A BUSINESS is being challenged over fears it could cause subsidence issues – even though the site has been in use since 1964.

Jon Yoxall, owner of Northwich Metals, in Marston, bought the former Dixies Auto Spares site next door four years ago.

He has since cleared the site for use as a caravan storage business called Tour and Store, which opened last year, and he is currently waiting for retrospective planning permission from Cheshire West and Chester Council to change the site’s use from a scrapyard.

But the Cheshire Brine Subsidence Compensation Board has objected to the application, fearing it could have an impact on nearby properties.

Jon said: “I am replacing an existing business that is 55 years old, I am not starting a new one from scratch.

“What the brine board is complaining about, I’ve not got a clue. There has been a business here since 1964, all I am doing is changing the appearance.

 

“There used to be thousands of tonnes of scrap metal on here, and that has just been replaced by 50 caravans.”

In a notice sent to CWAC, the brine board says it would not normally comment on sites like Tour and Store because it ‘doesn’t appear to include foundations’.

But the board is concerned that the site is located on top of a mine, with multiple shafts in its vicinity, and that it is using soakaways for drainage.

It added that more evidence is needed to show that the business ‘can be undertaken, occupied and used in an appropriate manner without risk to people or property resulting from underground conditions’.
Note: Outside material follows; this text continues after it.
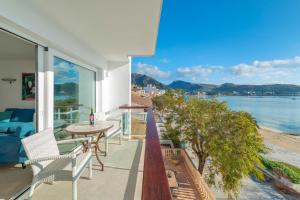 a balcony with a table and chairs and a view of the water at Windsong in Port de Pollensa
Jon, who has worked at Northwich Metals for 42 years and became owner in 1996, is also being challenged by some neighbours.

CWAC has received six objections from the public, with residents particularly concerned about traffic in The Avenue – a private residential road that links Ollershaw Lane to Jon’s business.

“I try not to cause hassle to anyone – I am a neighbourly person,” he added.

 

“I want to make a profit – I don’t want another scrapyard alongside mine. But if I cannot have Tour and Store then I will expand Northwich Metals instead.

“There would be double the number of wagons coming to the scrapyard if I expanded it, so the caravan site is really the lesser of two evils.”

Objectors are also concerned about caravans travelling along Ollershaw Lane and a possible environmental impact on nearby Neumann’s Flash.

One comment said: “My family has an intimate history with the village. My grandparents have lived there for as long as I have been alive and my parents moved onto The Avenue themselves a couple of years ago.

“They report a serious decline in the amount of wildlife in the area since these caravans have started rolling in, the foxes and rabbits they regularly saw nowhere to be seen.”

Another said: “A multi-million Pound investment by the Lottery Fund was made to create the Lion Salt Works heritage centre across from the scrapyard with lorries of scrap metal turning all day – not a good example of village life currently for visitors from far and wide.”

Any comments on the application must be submitted to CWAC by Monday, January 14.

To view the plans, search for ’18/04713/FUL’ on the council’s planning website.